Ingredients
Scale
- 1/2 cup salted butter, softened
- 1/2 cup vegetable shortening**
- 2 vanilla beans (seeded) OR 1 Tbsp. vanilla bean paste
- 2 teaspoons pure vanilla extract
- 4 cups powdered sugar
- 3-5 Tbsp. heavy cream (or milk if you don't have cream)
Instructions
- Using a stand mixer, cream together the butter, shortening, vanilla bean paste (or the scrapings from 2 beans), and the vanilla extract with the paddle attachment, scraping down the sides as necessary. Unless you use a SideSwipe paddle like I do... then no scraping is needed 😉 Either way, continue mixing until it's smooth.

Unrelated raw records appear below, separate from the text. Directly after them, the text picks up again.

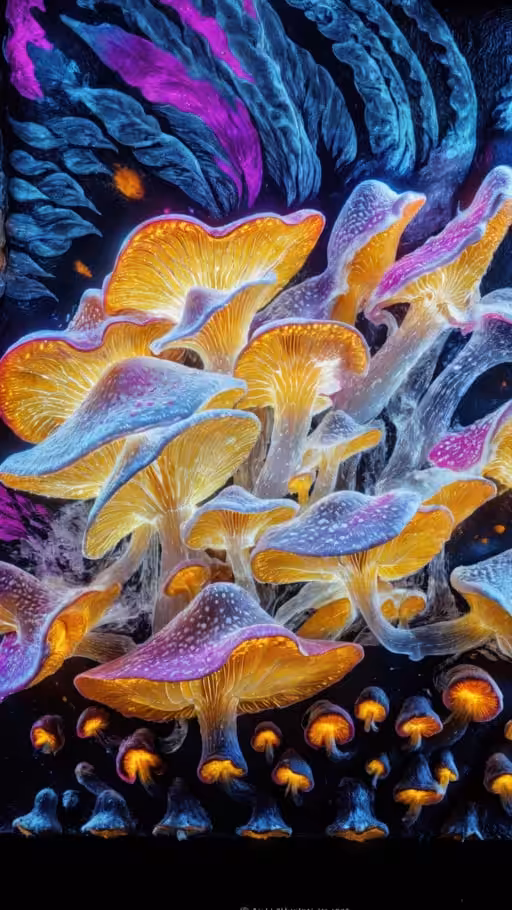 DATALAND — BIOME LUMINA: BIOME LUMINA #989/1000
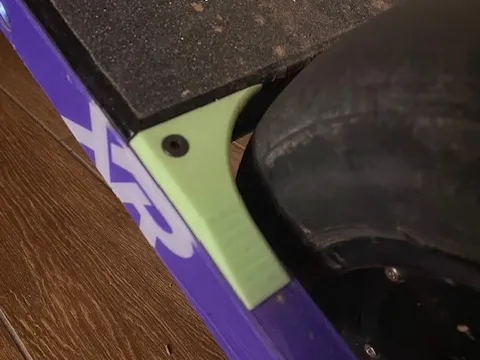 Onewheel XR corner fender delete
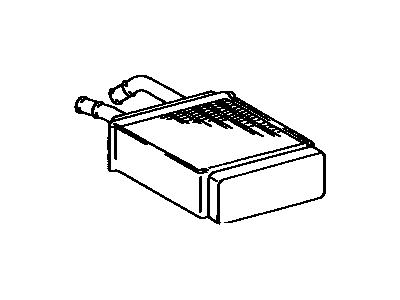 Toyota 87107-16150 Unit Sub-Assembly, Heater Radiator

- Add in the powdered sugar, one cup at a time until it's all incorporated and moist. The mixture will be stiff.
- When all the sugar is mixed in, you can begin to add heavy cream, a tablespoon at a time until the consistency is good for you!
- I like the frosting to be stiff enough to pipe, but not so stiff that it makes my hand hurt! I know that's an incredibly scientific texture, right?
- Add more milk and/or vanilla bean paste until it's perfect for you!!
- **Before you ask... YES, you can use all butter and skip the shortening, but it will not hold up as well in heat (I live in Mississippi ya'll) or pipe as beautifully because it will be a softer frosting. It will also have a slightly different taste and texture.